Any time of the year is a good time for using simple techniques that require very little extra time, but add excitement to everyday meals.

Using glazes is perhaps one of the very simplest, yet it can transform a quite ordinary dish into a culinary delight.

Our recipes today are the essence of simplicity, but by no means plain.  They are ideal for family dining and marvelous for dinner parties as well.  You can substitute Rock Cornish Hens as a great variation.

The Recipes
Chicken Teriyaki with Plum Glaze
Chicken with Apples & Honey Glaze
Chicken with Orange Apricot Glaze
Chicken with Maple Glaze & Pecans


Chicken Teriyaki with Plum Glaze

2 fryer chickens, cut into pieces.  Baste generously
      with Lawry's Teriyaki  Marinade.  Sprinkle with salt,
      pepper and garlic powder to taste.

Roast chicken in a preheated 350° oven for about 40 minutes.  (Depending on size, the chicken should be about half cooked.)  Baste with Plum Glaze 2 or 3 times during the remainder of the cooking time, about 40 minutes more.  Excellent with  Fried Rice.  Serves 6.

Plum Glaze

1             cup plum preserves
2             tablespoons ketchup
1            tablespoon wine vinegar
2             tablespoons brown sugar

 Combine all the ingredients and heat through until blended.  Glaze will store for weeks, in the refrigerator.  However, warm it through before using.

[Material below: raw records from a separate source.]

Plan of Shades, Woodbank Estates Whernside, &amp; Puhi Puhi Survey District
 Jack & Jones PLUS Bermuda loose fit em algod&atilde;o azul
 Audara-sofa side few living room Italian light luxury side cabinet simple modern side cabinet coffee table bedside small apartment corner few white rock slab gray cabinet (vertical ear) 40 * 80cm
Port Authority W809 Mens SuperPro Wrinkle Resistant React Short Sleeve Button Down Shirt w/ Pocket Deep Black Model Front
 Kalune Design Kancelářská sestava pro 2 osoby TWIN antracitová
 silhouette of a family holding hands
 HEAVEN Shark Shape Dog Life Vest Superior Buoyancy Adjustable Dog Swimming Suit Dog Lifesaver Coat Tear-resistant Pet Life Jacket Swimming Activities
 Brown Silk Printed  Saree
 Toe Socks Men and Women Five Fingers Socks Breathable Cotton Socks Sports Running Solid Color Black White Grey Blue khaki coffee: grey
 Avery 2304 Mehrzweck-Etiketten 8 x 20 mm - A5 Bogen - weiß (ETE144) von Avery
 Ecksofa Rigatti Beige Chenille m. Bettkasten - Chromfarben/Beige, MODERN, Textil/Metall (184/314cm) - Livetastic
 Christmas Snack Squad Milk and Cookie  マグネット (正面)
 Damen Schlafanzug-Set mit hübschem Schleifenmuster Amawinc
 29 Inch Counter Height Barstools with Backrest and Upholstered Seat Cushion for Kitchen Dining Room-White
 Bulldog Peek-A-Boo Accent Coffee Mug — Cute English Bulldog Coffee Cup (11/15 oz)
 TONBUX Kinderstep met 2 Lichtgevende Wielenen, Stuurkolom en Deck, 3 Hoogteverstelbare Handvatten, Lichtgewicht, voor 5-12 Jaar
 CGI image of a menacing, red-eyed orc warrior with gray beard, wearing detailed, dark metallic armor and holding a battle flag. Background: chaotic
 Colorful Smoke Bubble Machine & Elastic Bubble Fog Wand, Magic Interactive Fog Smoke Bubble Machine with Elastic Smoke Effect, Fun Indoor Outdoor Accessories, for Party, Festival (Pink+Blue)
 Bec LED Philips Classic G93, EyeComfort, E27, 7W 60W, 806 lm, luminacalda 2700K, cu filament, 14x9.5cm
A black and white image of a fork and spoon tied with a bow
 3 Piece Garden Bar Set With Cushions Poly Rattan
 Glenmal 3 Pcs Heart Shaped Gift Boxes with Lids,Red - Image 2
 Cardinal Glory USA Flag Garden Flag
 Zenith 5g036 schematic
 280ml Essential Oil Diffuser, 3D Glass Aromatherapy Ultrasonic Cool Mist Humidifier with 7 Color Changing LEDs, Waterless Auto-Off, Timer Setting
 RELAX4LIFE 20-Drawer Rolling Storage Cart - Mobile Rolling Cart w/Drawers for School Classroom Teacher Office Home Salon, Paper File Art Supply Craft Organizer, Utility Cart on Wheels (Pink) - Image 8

Chicken with Apples & Honey Glaze

2   fryer chickens, cut up, (2 1/2 to 3 pounds, each).
        Sprinkle with  salt, pepper and garlic
6   medium apples, cored, peeled and cut in
6   tablespoons butter (3/4 stick) melted

1/2  cup honey        
1/4  cup apple juice
2  tablespoons brown sugar

Place apples in a 9x13-inch roasting pan along the sides. Place prepared chicken in roasting pan and brush with melted butter. Roast chicken in a 325° oven for 45 minutes. Meanwhile, heat together the honey, apple juice and brown sugar until the mixture is blended.

Baste the chicken with the honey mixture and continue cooking for another 30 minutes. Baste frequently. Chicken will be a rich golden color. Serve apples as an accompaniment. Serves 6.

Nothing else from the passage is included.